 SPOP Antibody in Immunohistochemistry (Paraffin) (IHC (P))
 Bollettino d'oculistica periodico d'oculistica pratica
☆ ☆ ☆ ☆ ☆
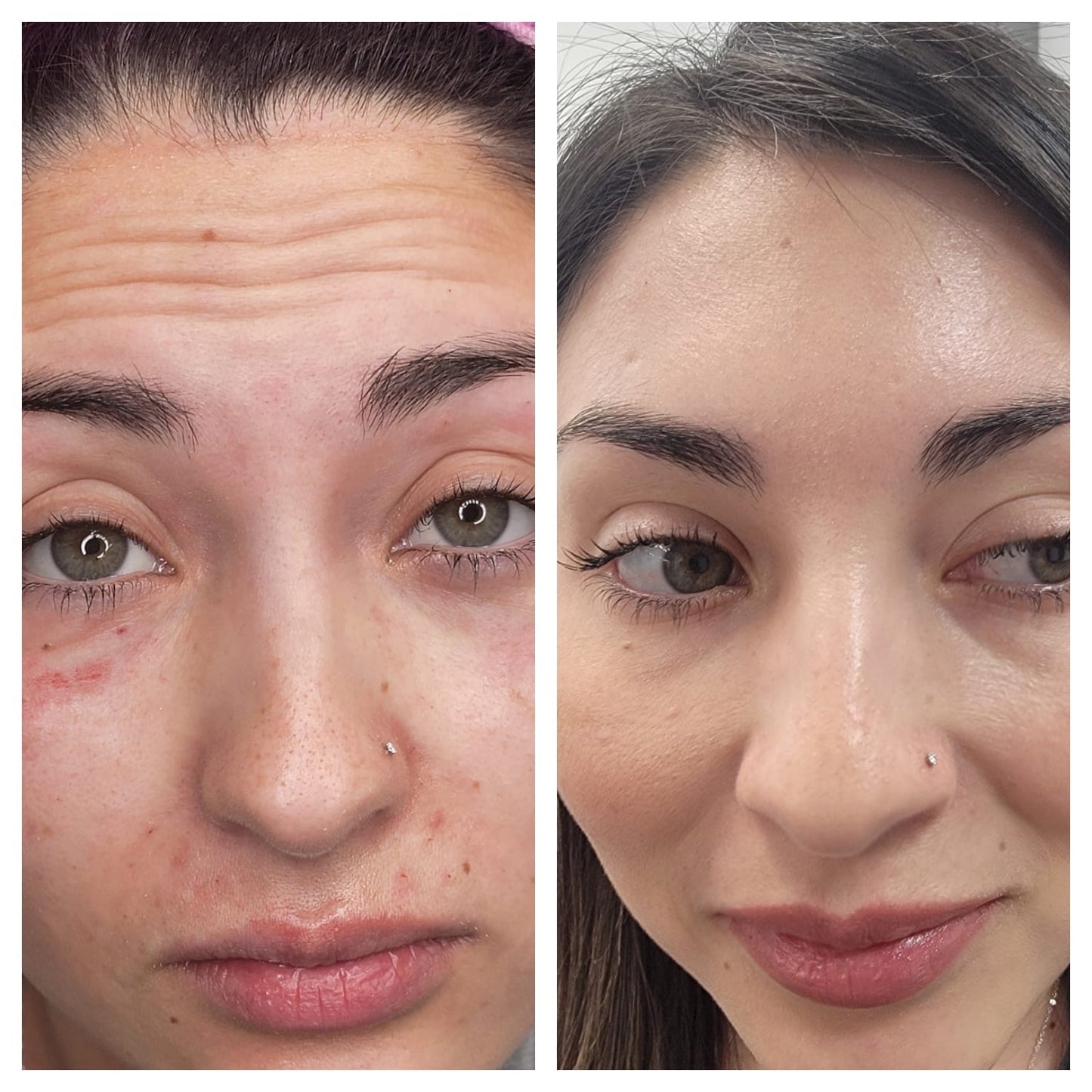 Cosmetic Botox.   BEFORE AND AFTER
☆ ☆ ☆ ☆ ☆
## TASK PROMPT
From the records above, reproduce exactly the lines from the one with "SPOP Antibody in" to the one with "Bollettino d'oculistica periodico", both included, and no others.

## EXPECTED ANSWER
 SPOP Antibody in Immunohistochemistry (Paraffin) (IHC (P))
 Bollettino d'oculistica periodico d'oculistica pratica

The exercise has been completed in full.